Die Lust am Utopischen wecken
Ob wir wollen oder nicht: Wir – die Menschen weltweit – stehen vor gewaltigen Veränderungen. Dabei lässt sich unsere Zukunft gestalten, wir müssen sie uns nicht aufbürden lassen. Die Große Transformation in diesem Jahrhundert enthält viele Herausforderungen: für die Energieversorgung, die Bewältigung der Klimafolgen, Landwirtschaft, Urbanisierung, Gesundheit, Migration, Bildung. Die Liste scheint unendlich, doch für all das gibt es nachhaltige, gerechte Lösungen. Sie liegen zum Teil schon vor oder sie lassen sich gemeinsam entwickeln, ob es um treibhausgasneutrale Städte und Länder geht, urbane oder globale Mobilität oder um ressourcenleichtes Leben. Was wir für die Realisierung jedoch brauchen, ist eine neue Lust am utopischen Denken, an der Entwicklung eines Möglichkeitssinns, eine Abkehr vom angeblich alternativlosen Immerweiterso. Wir brauchen Bilder lebenswerter Zukünfte, in die sich Menschen hineinversetzen können, die ihnen die Ängste vor dem Unbekannten nehmen, ihnen Mut auf eine ungewisse, aber gerechtere Zukunft machen. Denn das zeigt sich: Überall dort, wo diese Bilder entstehen, realisieren sich auch konkrete Utopien.
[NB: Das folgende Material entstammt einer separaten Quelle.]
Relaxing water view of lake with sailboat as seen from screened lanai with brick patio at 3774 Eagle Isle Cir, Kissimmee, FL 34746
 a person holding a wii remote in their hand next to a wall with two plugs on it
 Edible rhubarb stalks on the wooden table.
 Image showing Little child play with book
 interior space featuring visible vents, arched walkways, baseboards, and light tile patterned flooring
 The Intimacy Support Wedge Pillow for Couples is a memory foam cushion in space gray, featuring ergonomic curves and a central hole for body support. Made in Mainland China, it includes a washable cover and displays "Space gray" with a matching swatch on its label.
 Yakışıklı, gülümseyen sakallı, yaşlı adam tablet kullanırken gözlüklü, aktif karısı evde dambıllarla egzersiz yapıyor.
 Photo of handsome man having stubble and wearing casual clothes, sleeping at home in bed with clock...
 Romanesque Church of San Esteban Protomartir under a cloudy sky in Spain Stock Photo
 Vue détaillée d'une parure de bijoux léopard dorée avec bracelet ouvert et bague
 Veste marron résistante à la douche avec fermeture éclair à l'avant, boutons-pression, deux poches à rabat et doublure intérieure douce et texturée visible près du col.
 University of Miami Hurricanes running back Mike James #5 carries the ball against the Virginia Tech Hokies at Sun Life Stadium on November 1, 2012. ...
Wie Antoine de Saint-Exupéry empfahl: Wenn Du ein Schiff bauen willst, beginne nicht Holz zu sammeln, Planken zu schneiden und die Arbeit zu verteilen, sondern mache den Menschen Lust auf das weite und offene Meer.
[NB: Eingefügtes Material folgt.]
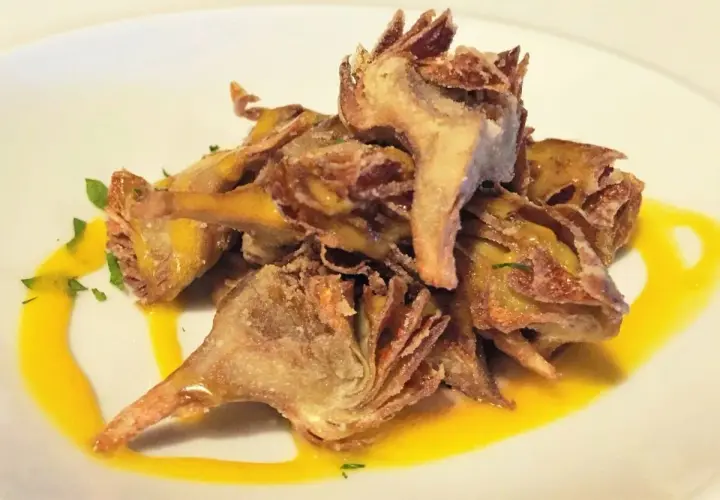 Montón de alcachofas fritas crujientes, doradas y sazonadas, servidas sobre un plato blanco con un toque de salsa amarilla y perejil picado.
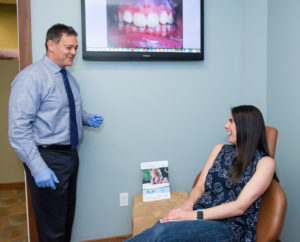 Dr Gordon greets an adult orthodontic patient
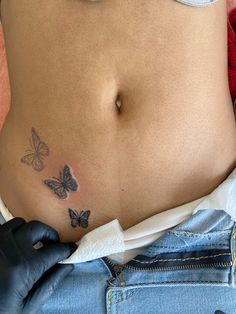 a woman's stomach with butterfly tattoos on her belly and hand in the pocket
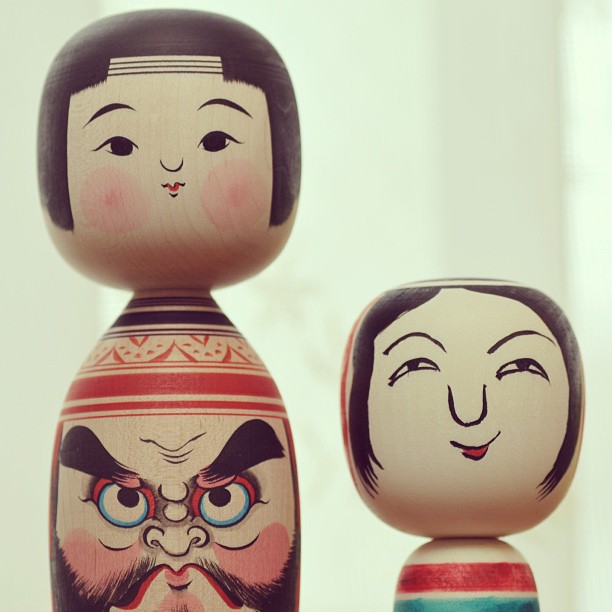 three wooden dolls have different designs on their faces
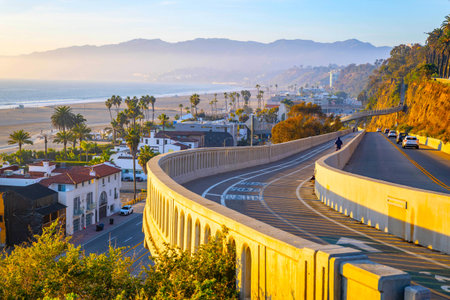 Sunset light washes over the Santa Monica coastline and Pacific Coast Highway as seen from downtown...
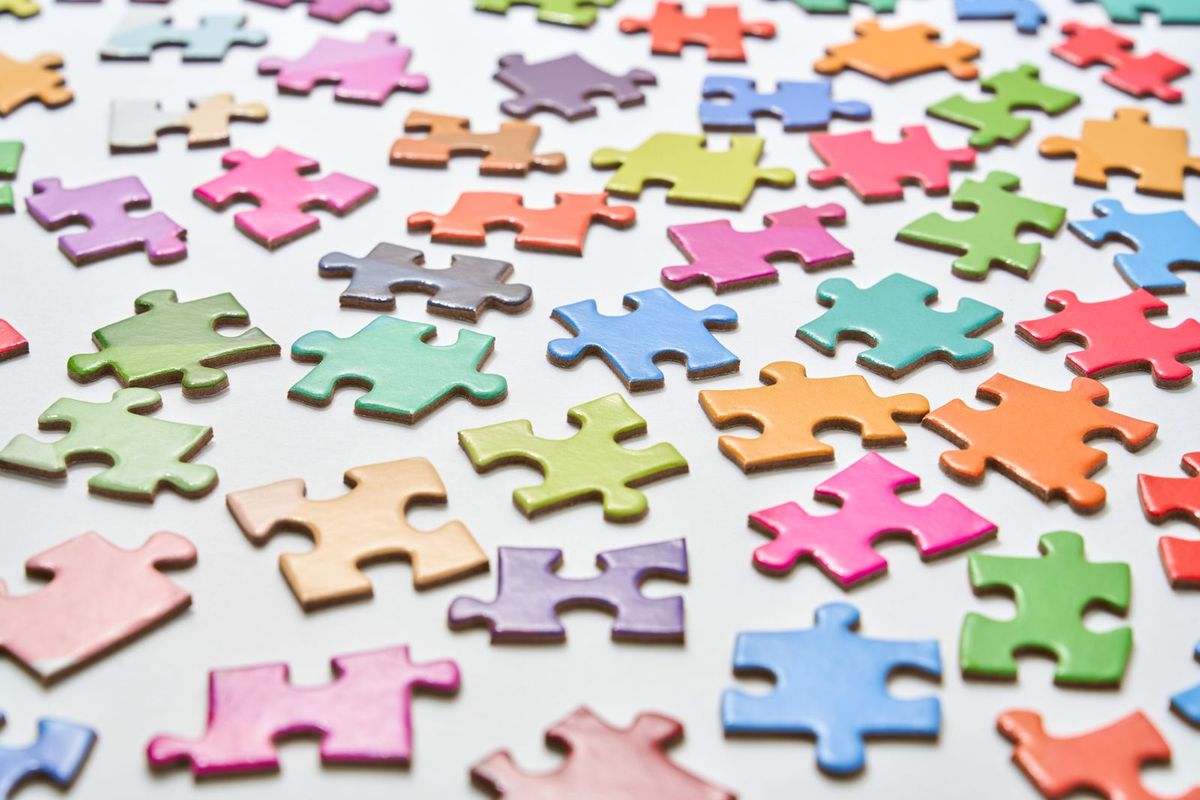 Colorful jigsaw puzzle pieces — screen-free brain game for seniors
In diesem Sinne plädieren wir mit dem aktuellen factory-Magazin für die Neuerfindung utopischen Denkens, für das Malen positiver Zukunftsbilder, für die Institutionalisierung visionären Forschens – es passt zu uns und unserer Zeit.
So zeigt der Soziologe Andres Friedrichsmeier, dass das Credo der Alternativlosigkeit des globalen Neoliberalismus eine versagende Utopie ist, aus der es dutzende Auswege gibt. Isabella Hafner beschreibt alternative Lebens- und Produktsionsweisen, die als utopische Inseln Anschlusspotenzial besitzen. Der Science-Fiction-Forscher Alan Shapiro plädiert für fiktionales Lernen als Schlüssel für kreative, nachhaltige Lösungen. Auf die konkreten Wuppertaler Utopien und ihre Kopierfähigkeit verweisen Jan Filipzik und Olaf Joachimsmeier in unserer Fotostory. Dass Wissenschaft und Utopie gar nicht so weit auseinanderliegen, daran erinnert Uwe Schneidewind mit seinem Plädoyer für eine neue Möglichkeitswissenschaft. Mit welchen Erzählungen und Leitbildern sich eine zukünftige ressourcenleichte Gesellschaft vermitteln ließe, fassen Holger Berg und Christa Liedtke zusammen. Dass sich auch in der medialen Vermittlung neue journalistische Ansätze für die Große Transformation durchsetzen müssen, davon berichtet Manfred Ronzheimer. Spannend und inspirierend entfalten sich Zukünfte und Gegenwarten in der Science-Fiction-Literatur, das zeigen die Leseempfehlungen von Henning Meyer. Wie Mythen und Vorstellungen von Utopien unsere Hoffnungen vernebeln und wie neue utopische Orte entstehen können, erzählt der Philosoph Bernd Draser in seinem Beitrag Die nächsten 500 Jahre, den Sie nur online lesen können.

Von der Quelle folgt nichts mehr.